The heroic cycle described by Campbell is still popular culture, echoed even in the essentially puerile Marvel movies of people who discover their supernatural attributes through enduring suffering and conflict with evil powers. It is a sort of basic salvation myth. Someone will come who will deliver us, and that special person will have unique powers.

However — and this is an interesting twist — Herbert did not believe in hero worship. He warned that no one should ever identify Paul with the Christ story, but he revealed in a 1980 Omni magazine essay that he had in mind leaders who had wrapped themselves “in the mythic fabric of the society. Hitler did it. Churchill did it. Franklin Roosevelt did it. Stalin did it. Mussolini did it. My favorite examples are John F. Kennedy and George Patton.”

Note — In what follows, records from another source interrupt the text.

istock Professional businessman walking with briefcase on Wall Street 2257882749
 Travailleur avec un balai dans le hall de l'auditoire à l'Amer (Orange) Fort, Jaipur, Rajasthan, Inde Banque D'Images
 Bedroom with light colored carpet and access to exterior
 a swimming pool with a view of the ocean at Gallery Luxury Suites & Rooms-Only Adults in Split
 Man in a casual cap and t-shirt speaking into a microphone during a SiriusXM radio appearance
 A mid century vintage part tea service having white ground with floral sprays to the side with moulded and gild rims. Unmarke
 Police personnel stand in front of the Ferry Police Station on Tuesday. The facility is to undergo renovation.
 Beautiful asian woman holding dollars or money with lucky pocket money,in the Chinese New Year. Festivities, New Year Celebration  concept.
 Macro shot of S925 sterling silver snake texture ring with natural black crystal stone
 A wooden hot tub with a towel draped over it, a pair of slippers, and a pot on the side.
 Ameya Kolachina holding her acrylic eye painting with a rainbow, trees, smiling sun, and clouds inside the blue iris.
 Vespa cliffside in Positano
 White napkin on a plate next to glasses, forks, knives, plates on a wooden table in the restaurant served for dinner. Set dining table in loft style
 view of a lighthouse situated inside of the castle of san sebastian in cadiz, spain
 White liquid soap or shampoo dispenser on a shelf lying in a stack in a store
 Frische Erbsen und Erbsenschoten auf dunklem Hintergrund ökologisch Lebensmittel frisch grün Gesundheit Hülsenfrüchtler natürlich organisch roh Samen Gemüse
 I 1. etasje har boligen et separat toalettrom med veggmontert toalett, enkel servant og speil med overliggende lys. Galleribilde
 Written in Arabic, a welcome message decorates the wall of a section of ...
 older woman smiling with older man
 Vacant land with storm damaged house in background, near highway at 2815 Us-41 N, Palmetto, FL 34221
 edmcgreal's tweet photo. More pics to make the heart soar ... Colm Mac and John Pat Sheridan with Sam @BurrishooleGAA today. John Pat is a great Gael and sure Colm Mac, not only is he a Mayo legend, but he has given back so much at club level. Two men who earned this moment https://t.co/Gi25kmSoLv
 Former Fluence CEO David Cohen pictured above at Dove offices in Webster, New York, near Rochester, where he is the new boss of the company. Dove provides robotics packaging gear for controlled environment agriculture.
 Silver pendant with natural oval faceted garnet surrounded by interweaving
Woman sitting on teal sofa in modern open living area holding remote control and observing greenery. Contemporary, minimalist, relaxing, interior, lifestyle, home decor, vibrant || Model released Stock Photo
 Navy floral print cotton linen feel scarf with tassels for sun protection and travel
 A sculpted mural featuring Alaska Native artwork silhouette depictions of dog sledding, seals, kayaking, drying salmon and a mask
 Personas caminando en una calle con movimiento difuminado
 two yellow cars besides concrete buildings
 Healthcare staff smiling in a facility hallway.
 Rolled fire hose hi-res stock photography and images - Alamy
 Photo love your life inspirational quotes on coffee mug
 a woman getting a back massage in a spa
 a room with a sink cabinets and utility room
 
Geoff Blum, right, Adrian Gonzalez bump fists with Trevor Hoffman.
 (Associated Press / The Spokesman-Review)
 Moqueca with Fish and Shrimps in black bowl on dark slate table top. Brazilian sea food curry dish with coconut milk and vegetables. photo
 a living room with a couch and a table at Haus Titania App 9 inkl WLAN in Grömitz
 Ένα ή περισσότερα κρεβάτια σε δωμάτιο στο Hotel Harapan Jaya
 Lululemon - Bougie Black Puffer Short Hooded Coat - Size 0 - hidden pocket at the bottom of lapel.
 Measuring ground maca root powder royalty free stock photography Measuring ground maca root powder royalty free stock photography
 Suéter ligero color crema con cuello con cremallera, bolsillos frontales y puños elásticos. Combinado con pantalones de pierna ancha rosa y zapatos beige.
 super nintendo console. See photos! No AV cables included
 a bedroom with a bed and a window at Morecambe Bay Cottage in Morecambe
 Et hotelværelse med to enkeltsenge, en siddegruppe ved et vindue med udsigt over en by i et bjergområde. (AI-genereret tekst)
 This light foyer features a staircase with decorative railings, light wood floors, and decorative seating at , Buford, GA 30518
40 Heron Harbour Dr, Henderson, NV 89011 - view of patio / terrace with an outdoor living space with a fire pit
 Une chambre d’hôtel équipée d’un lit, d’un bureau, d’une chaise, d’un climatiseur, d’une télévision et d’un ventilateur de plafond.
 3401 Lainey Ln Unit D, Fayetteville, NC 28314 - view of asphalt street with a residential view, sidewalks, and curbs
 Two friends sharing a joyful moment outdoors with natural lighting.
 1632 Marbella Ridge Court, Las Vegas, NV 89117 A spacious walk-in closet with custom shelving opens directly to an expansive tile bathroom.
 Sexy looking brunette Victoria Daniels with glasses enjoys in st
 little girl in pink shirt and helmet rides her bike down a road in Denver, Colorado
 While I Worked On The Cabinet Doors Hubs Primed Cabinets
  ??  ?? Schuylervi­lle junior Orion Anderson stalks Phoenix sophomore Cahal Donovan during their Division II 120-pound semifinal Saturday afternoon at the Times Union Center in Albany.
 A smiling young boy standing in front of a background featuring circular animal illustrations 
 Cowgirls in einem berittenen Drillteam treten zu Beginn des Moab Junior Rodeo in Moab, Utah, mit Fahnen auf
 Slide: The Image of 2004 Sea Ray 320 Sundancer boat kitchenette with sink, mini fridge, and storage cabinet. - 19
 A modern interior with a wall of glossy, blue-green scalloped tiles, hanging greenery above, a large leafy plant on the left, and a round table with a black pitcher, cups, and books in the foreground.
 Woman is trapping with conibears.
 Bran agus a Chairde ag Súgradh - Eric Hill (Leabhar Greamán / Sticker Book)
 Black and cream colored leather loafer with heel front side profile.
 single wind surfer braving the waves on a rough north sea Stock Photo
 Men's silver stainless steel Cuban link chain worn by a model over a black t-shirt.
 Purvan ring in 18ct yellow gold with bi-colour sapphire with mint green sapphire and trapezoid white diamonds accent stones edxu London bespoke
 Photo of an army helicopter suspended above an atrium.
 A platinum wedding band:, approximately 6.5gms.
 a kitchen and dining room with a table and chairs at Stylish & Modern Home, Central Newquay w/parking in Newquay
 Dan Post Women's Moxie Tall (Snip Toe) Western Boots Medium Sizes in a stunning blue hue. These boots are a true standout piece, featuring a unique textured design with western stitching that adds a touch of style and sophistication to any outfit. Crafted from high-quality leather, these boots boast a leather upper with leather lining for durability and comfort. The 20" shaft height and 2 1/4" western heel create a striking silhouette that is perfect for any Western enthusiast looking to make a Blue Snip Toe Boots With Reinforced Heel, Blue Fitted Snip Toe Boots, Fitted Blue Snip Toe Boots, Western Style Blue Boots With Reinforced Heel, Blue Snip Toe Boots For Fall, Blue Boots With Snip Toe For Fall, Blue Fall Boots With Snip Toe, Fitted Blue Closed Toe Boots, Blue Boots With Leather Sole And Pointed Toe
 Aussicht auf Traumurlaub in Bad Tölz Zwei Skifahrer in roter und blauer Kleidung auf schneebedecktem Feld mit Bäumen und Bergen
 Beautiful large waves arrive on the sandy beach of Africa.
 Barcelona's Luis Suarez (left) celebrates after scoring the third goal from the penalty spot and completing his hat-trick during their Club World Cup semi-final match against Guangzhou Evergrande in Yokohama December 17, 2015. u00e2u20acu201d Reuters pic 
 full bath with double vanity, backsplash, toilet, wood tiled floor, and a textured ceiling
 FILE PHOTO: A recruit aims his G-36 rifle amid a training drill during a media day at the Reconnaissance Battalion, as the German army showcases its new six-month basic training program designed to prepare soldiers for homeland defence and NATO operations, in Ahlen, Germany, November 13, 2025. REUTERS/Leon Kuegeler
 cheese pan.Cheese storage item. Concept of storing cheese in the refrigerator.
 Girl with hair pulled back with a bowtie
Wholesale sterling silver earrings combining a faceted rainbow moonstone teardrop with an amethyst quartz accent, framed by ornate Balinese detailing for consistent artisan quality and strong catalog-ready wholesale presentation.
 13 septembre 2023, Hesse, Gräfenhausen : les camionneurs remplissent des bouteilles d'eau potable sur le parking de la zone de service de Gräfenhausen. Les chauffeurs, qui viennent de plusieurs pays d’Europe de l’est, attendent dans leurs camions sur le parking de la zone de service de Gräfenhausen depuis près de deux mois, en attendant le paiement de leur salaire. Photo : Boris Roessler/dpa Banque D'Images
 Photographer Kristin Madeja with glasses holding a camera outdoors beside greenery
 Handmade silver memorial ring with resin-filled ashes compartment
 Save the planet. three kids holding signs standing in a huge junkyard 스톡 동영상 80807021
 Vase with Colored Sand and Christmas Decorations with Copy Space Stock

Yes, all of them are together in Herbert’s conception of the dangers of hero worship.

“This, then,” Herbert wrote, “was one of my themes for ‘Dune’: Don’t give over all your critical faculties to people in power, no matter how admirable those people may appear to be. … Enormous problems arise when human mistakes are made on the grand scale available to a superhero. … Heroes are painful, superheroes are a catastrophe.”

If Villeneuve is aware of Herbert’s antipathy to his own superhero, there is not much of a hint in this first part of “Dune.” In the books that follow the original “Dune,” Paul the superhero transcends humanity in power and eventually becomes inhuman. He is not a hero but an antihero.

In other words, the evolution of Paul in the series of novels parallels the skeptical development of his creator’s thought. In very striking and spookily contemporary language, Herbert once declared, “I now believe that evolution, or deevolution [sic] never ends short of death, that no society has ever achieved an absolute pinnacle, that all humans are not created equal. In fact, I believe attempts to create some abstract equalization create a morass of injustices that rebound on the equalizers.”

Pretty heady stuff that, whatever the dramatic rhetoric means exactly. Both that quote and the further novels indicate that the foundational myth of the long-awaited messiah can contain complex contradictions, and Herbert didn’t trust leaders to save us.

You can, of course, just enjoy this first movie as a story of the battle of good and evil, in an exotic fictional universe with a fugue of modern themes that can make good conversation with fellow aficionados. I did.